3. All monitors are disabled by default on installation. If you would like to enable all the monitors, set the parameter monitors_disabled to false in this file.
By default, the monitors are configured in a monitor folder called “Kubernetes”, if you would like to change the name of the folder, update the monitor folder name in this file.
If you would like the alerts to send email or connection notifications, modify the file kubernetes_notifications.auto.tfvars and populate connection_notifications_critical, connection_notifications_warnings, connection_notifications_missingdata and email_notifications_critical, email_notifications_warnings, email_notifications_missingdata as per below examples.

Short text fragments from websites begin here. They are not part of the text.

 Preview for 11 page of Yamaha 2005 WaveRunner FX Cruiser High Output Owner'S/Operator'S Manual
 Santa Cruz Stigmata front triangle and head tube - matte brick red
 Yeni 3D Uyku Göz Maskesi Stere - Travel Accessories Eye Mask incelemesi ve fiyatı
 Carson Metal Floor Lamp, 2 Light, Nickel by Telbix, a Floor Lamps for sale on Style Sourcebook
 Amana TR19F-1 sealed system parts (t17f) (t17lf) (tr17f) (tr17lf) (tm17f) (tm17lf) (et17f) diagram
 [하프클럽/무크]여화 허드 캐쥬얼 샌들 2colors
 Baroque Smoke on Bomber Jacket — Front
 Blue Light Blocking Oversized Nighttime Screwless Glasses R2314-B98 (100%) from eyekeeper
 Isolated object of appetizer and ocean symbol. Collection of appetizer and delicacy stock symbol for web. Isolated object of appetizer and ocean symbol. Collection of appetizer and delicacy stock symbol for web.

Pagerduty Connection Example
connection_notifications_critical = [
    {
      connection_type       = "PagerDuty",
      connection_id         = "<CONNECTION_ID>",
      payload_override      = "{\"service_key\": \"your_pagerduty_api_integration_key\",\"event_type\": \"trigger\",\"description\": \"Alert: Triggered {{TriggerType}} for Monitor {{Name}}\",\"client\": \"Sumo Logic\",\"client_url\": \"{{QueryUrl}}\"}",
      run_for_trigger_types = ["Critical", "ResolvedCritical"]
    },
    {
      connection_type       = "Webhook",
      connection_id         = "<CONNECTION_ID>",
      payload_override      = "",
      run_for_trigger_types = ["Critical", "ResolvedCritical"]
    }
  ]

Replace <CONNECTION_ID> with the connection id of the webhook connection. The webhook connection id can be retrieved by calling the Monitors API.

For overriding payload for different connection types, refer to this document.

Email Notifications Example
email_notifications_critiical = [
    {
      connection_type       = "Email",
      recipients            = ["abc@example.com"],
      subject               = "Monitor Alert: {{TriggerType}} on {{Name}}",
      time_zone             = "PST",
      message_body          = "Triggered {{TriggerType}} Alert on {{Name}}: {{QueryURL}}",
      run_for_trigger_types = ["Critical", "ResolvedCritical"]
    }
  ]

Install the Alerts:
- Navigate to the package directory terraform-sumologic-sumo-logic-monitor/monitor_packages/kubernetes/ and run terraform init. This will initialize Terraform and will download the required components.
- Run terraform plan to view the monitors which will be created/modified by Terraform.
- Run terraform apply.
Post Installation. If you haven’t enabled alerts and/or configured notifications through the Terraform procedure outlined above, we highly recommend enabling alerts of interest and configuring each enabled alert to send notifications to other people or services. See Step 4 of this document.

note

There are limits to how many alerts can be enabled - see the Alerts FAQ.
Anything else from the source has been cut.